A trained convolutional layer is made up of many feature detectors, called filters, which slide over an input image tensor as a moving window. This is a very powerful technique and it possesses several advantages over the flatten and classify method or deep learning.

Below are some notes coming from Deep Learning Quick Reference.

Convolutional Layer

During the computation between the input and each filter, we take the elementwise product across all axes. So in the end, we will still leave with a two-dimensional output.

In a convolution layer, each unit is a filter, combined with a nonlinearity.

Technically, this is not a convolution, but a cross-correlation. We call it a convolution by convention and the difference for our purposes is really quite small.

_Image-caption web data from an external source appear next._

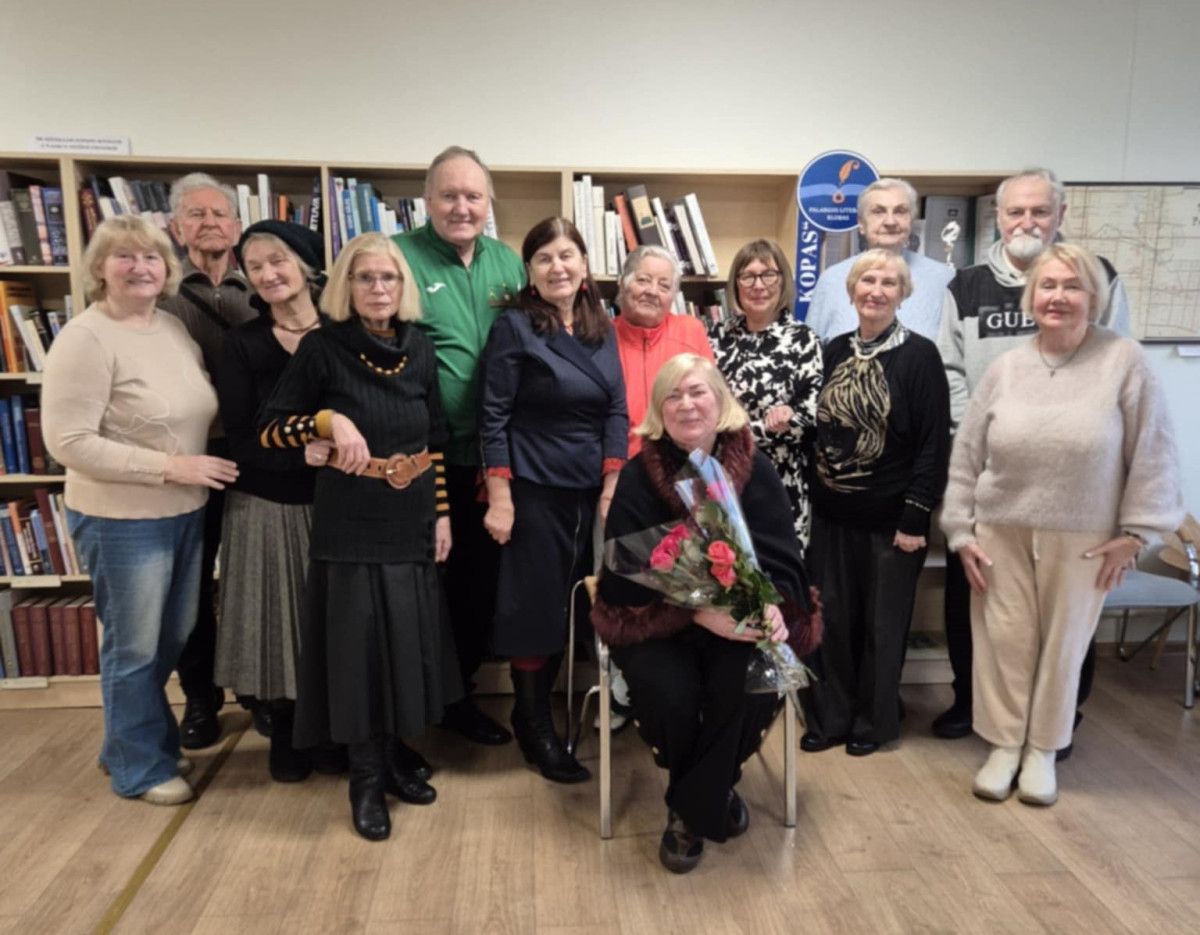 Palangos literatų klubo "Takai per kopas" nariai su išrinkta pirmininke Janina Narviliene.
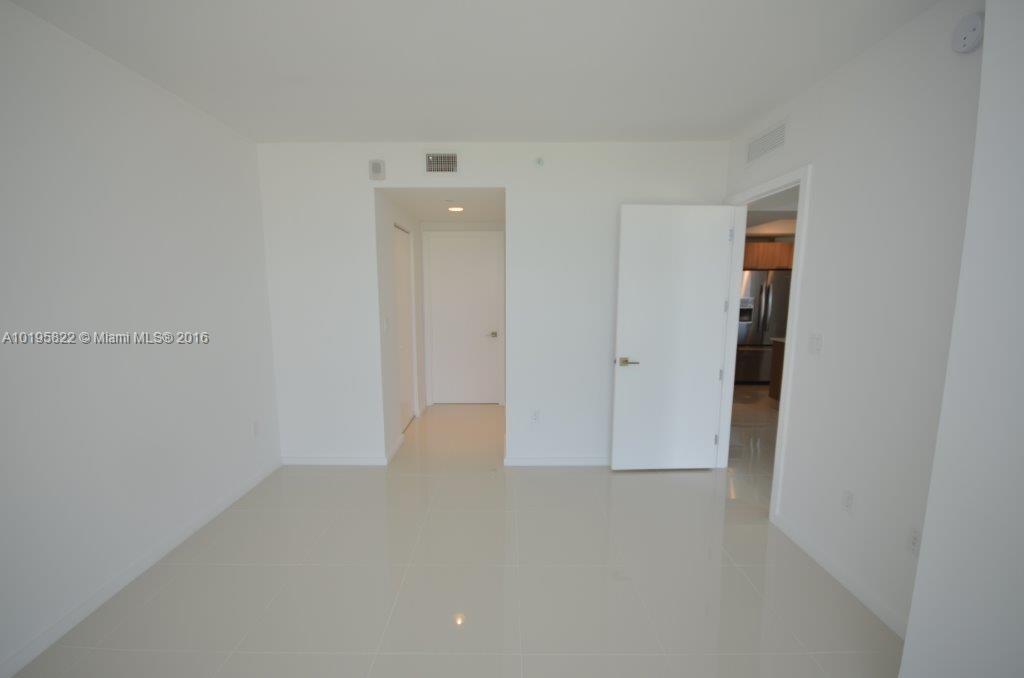 5300 Paseo - Residential Lease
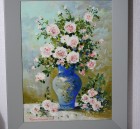  Trandafiri în vază albastră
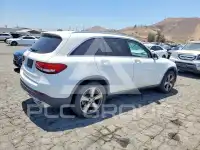 2017 Mercedes Benz GLC-Class фото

Benefits of Convolutional Layers

Obviously, a convolutional layer requires much fewer parameters.

  • Parameter sharing

    Because the filter is used across the entire image, filters learn to detect the features regardless of their position within the image. This turns out to be really useful as it gives us translation invariance, which means we can detect something important regardless of its orientation in the overall image.

  • Local connectivity
    Because of the fixed size, filters focus on connectivity between adjacent pixels. It means that they will most strongly learn local features. The stacking of localized features is really desirable and a key reason why convolutional layers are so great.

Pooling Layers

Pooling layers are used to reduce the dimensionality of convolutional network as layers of convolutions are added, which reduces overfitting. They have the added benefit of making the feature detectors somewhat more robust. In other words, it helps us to focus on the stronger signal or the major signal instead of the details.

Batch Normalization

Batch normalization helps our networks perform better overall and learn faster. It is also fairly easy to understand in an application. When using batch normalization, for each minibatch, we can normalize that batch to have a mean of 0 and unit variance, after (or before) each nonlinearity. This allows each layer to have a normalized input to learn from, which makes that layer more efficient at learning.

Data Augmentation

The more data you have, the better your deep learning model could be success. But what if you can’t have enough data to feed to your model? Data augmentation can help you to improve your model to a certain extent.

  • Adding Noise

    When adding noise, make sure you don’t introduce extra bias to the dataset. Also you need to ensure the noise is independent.

  • Transformation

    When doing transformation (flip/shift/rotate), make sure you don’t introduce bias to the feature => label mappings. For example, you can verticle flip the MNIST dataset.